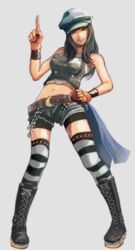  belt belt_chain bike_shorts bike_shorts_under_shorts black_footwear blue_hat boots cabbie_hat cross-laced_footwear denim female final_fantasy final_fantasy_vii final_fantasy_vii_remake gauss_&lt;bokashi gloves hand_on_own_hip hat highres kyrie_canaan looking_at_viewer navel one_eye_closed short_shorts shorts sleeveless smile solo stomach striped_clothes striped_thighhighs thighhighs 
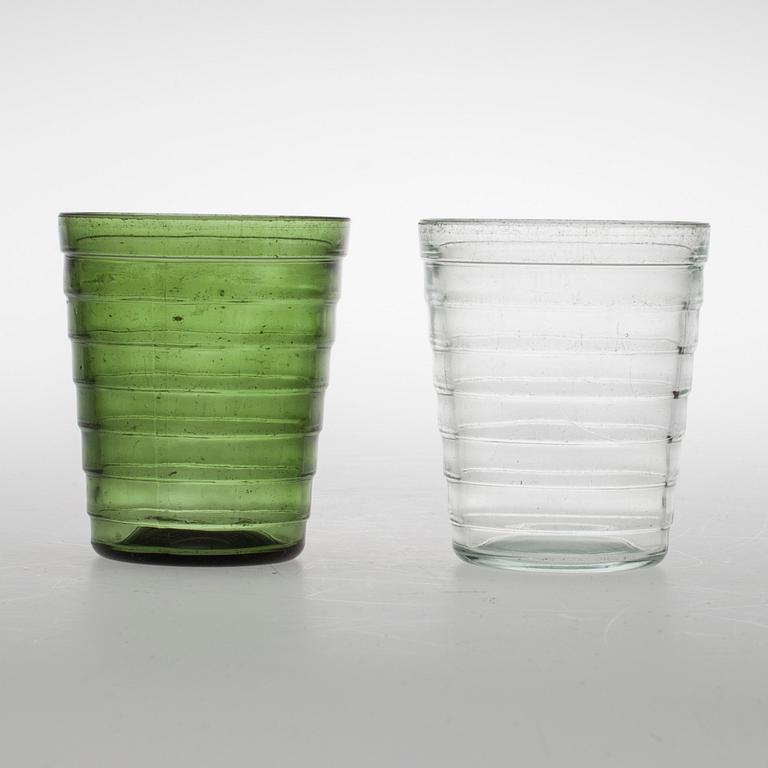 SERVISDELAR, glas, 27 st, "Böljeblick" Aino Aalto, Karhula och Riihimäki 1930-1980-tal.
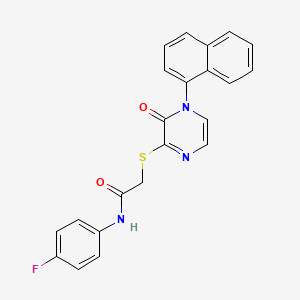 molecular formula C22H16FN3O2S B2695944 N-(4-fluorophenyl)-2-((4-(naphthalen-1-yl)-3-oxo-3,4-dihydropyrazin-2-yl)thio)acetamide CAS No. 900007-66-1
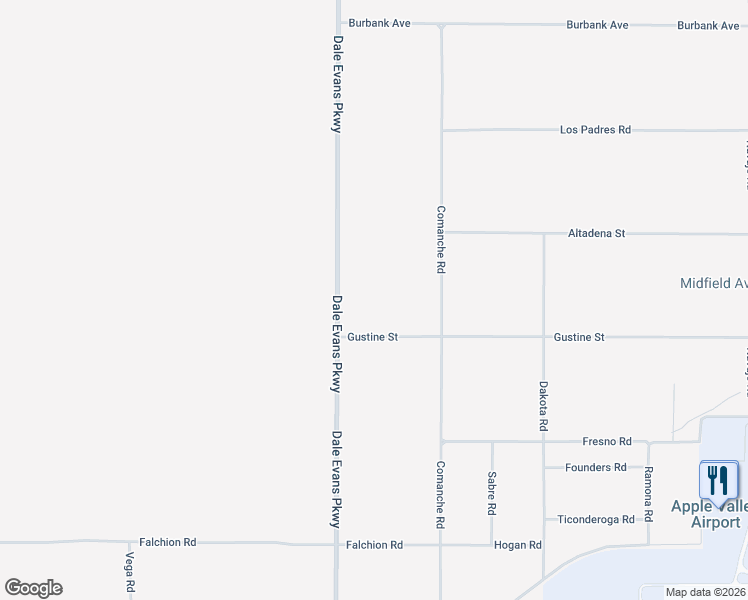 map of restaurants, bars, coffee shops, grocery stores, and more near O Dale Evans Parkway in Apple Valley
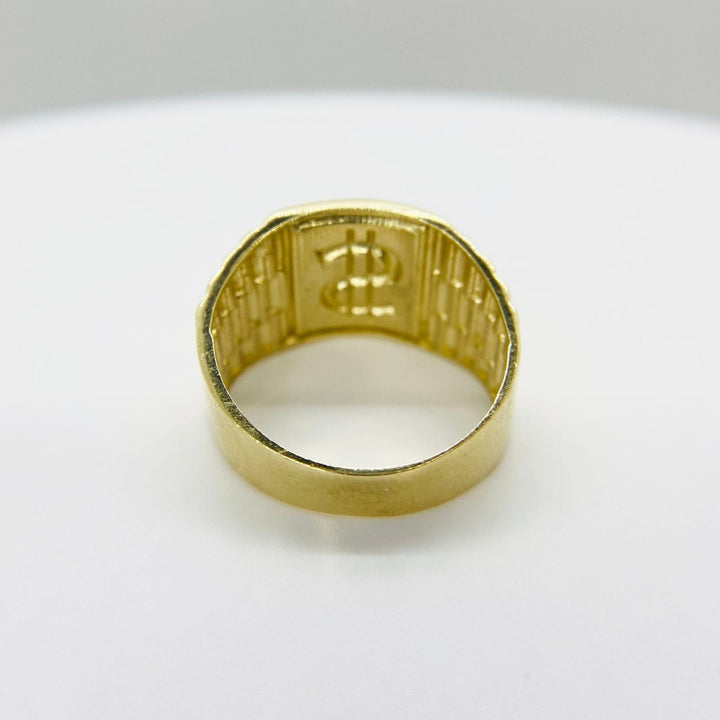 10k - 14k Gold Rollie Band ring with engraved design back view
**********
Repeat each line of the records exactly, dropping the pictures.

  belt belt_chain bike_shorts bike_shorts_under_shorts black_footwear blue_hat boots cabbie_hat cross-laced_footwear denim female final_fantasy final_fantasy_vii final_fantasy_vii_remake gauss_&lt;bokashi gloves hand_on_own_hip hat highres kyrie_canaan looking_at_viewer navel one_eye_closed short_shorts shorts sleeveless smile solo stomach striped_clothes striped_thighhighs thighhighs 
 SERVISDELAR, glas, 27 st, "Böljeblick" Aino Aalto, Karhula och Riihimäki 1930-1980-tal.
 molecular formula C22H16FN3O2S B2695944 N-(4-fluorophenyl)-2-((4-(naphthalen-1-yl)-3-oxo-3,4-dihydropyrazin-2-yl)thio)acetamide CAS No. 900007-66-1
 map of restaurants, bars, coffee shops, grocery stores, and more near O Dale Evans Parkway in Apple Valley
 10k - 14k Gold Rollie Band ring with engraved design back view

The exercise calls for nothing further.